Do They Accept Euros In Croatia – What Is The Currency Of Croatia
YES! Finally, you can use euros in Croatia, now that the official Croatan currency is the euro.
Using A Cash Or Credit Card In Croatia
Everyone is always wondering if they should bring cash or a debit/credit card on vacation to Croatia.
After 21 years of traveling to Croatia, I can say you should use both. You will need a combination of the two, and many businesses take cards.
You will need cash for small purchases. ATMs are located on practically every corner (though less so on the smaller islands), so you can easily withdraw cash throughout your vacation. When you start to use the ATM, you’ll be asked to select your language, and English is always one of the options.
If you only have cards – ask before you sit down and enjoy your cocktails and dinner to be sure the place accepts cards.

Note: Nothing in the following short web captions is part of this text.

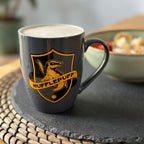 Zdjęcie produktu Kubek z logo Hufflepuff szary - Harry Potter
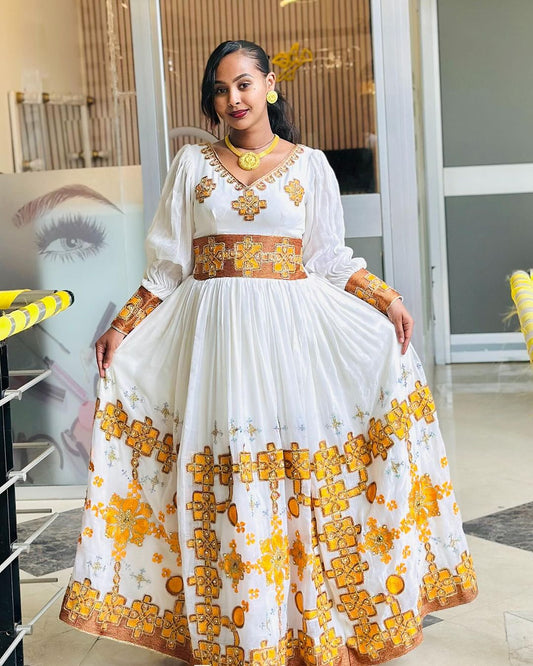 Beautiful Golden Habesha Kemis with Intricate Embroidery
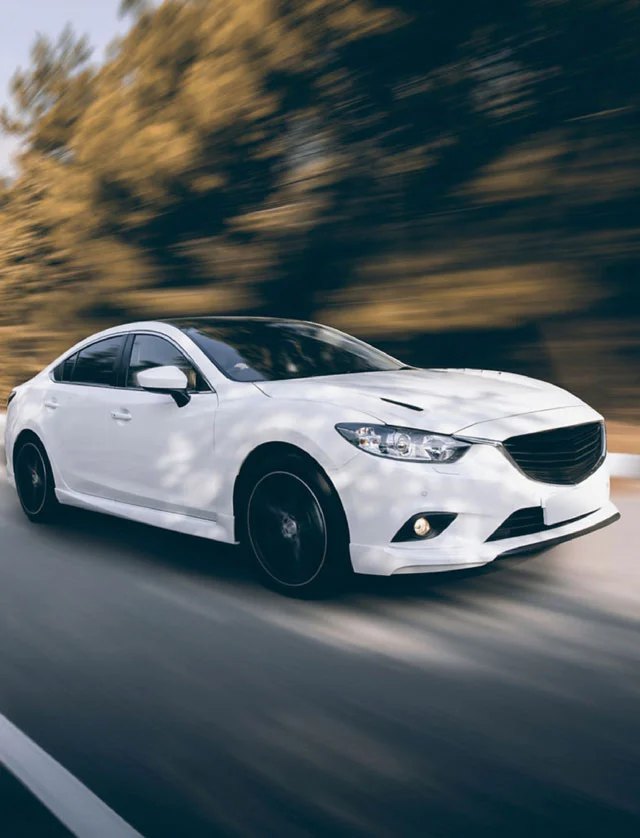  A white car speeding down the road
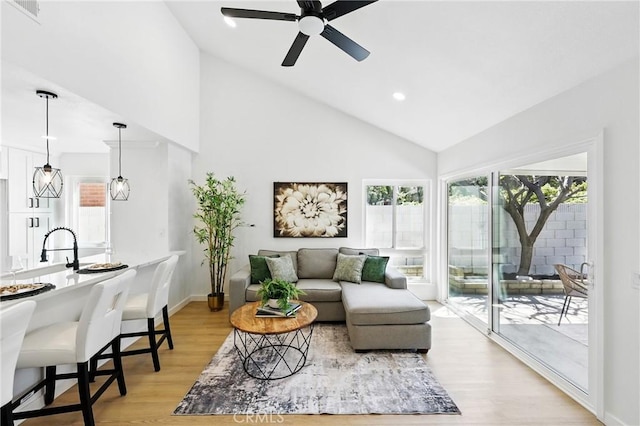 13538 Darvalle St, Cerritos, CA 90703 - living room with high vaulted ceiling, a ceiling fan, light wood-style floors, baseboards, and visible vents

Tipping In Croatia – Cash Or Card
If you want to leave a tip, you could round up the bill and tell them you don’t want the change, which would be very appreciated. In higher-class restaurants, e.g., fine dining, the most common amount is to leave 10% – 15% of the bill total as a tip if you feel the server deserves it.
That said, how do you pay your tip? Cash or card?
If you’re paying the bill by card, you won’t find the facility to leave a tip this way, so you would have to leave cash on the table for the waiter instead.
The euro is divided into cents and, like all currencies, uses a combination of coins of note.
Croatian euro banknotes are found in the following denominations:
5, 10, 20, 50, 100, 200, 500 – although I have not yet seen a 5oo in Croatia!
Croatian euro coins come in eight denominations:
1, 2, 5, 10, 20, and 50 cents, and 1 and 2 euros.
All these coins are legal tender in all countries of the eurozone.
Where To Get Euros In Croatia
It is always nice to have cash on you when you land in a new country – that said, you’ll easily find ways to get euros in Croatia.
Exchanging money in Croatia is very easy; you can withdraw cash from ATMs or at one of the many money exchange points which are located all over the country. You’ll find them in city centers and shopping malls.
Croatian Euro Coins
Is Croatia Expensive
Yes. If you’re wondering, “Is Croatia a cheap place to travel” I am sorry to say that you have missed that boat; it is no longer cheap unless you compare it to Paris or New York.
Compared to its Balkan neighbors, the prices in Croatia are much higher. Especially in places like Dubrovnik, Split & popular islands.
I have noticed that in the last year, accommodation on the Croatian coast has risen by 30% over the past two years. Croatia is now more expensive than Spain and Greece, and it seems (as a local!) prices are rising on a daily basis.